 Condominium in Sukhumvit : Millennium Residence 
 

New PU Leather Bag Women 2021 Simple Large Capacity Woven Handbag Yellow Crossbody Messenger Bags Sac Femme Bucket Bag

________________________________________

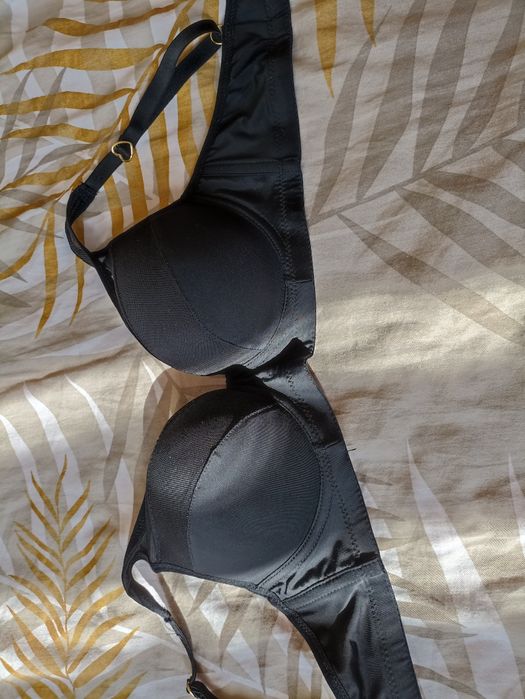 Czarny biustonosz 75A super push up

________________________________________

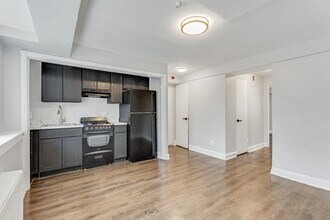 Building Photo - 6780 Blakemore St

________________________________________

EXERCISE INSTRUCTIONS >>
Take from the material above the lines running from the one with "Condominium in Sukhumvit" through the one with "New PU Leather", and repeat them exactly, with nothing else.

TASK OUTPUT >>
 Condominium in Sukhumvit : Millennium Residence 
 

New PU Leather Bag Women 2021 Simple Large Capacity Woven Handbag Yellow Crossbody Messenger Bags Sac Femme Bucket Bag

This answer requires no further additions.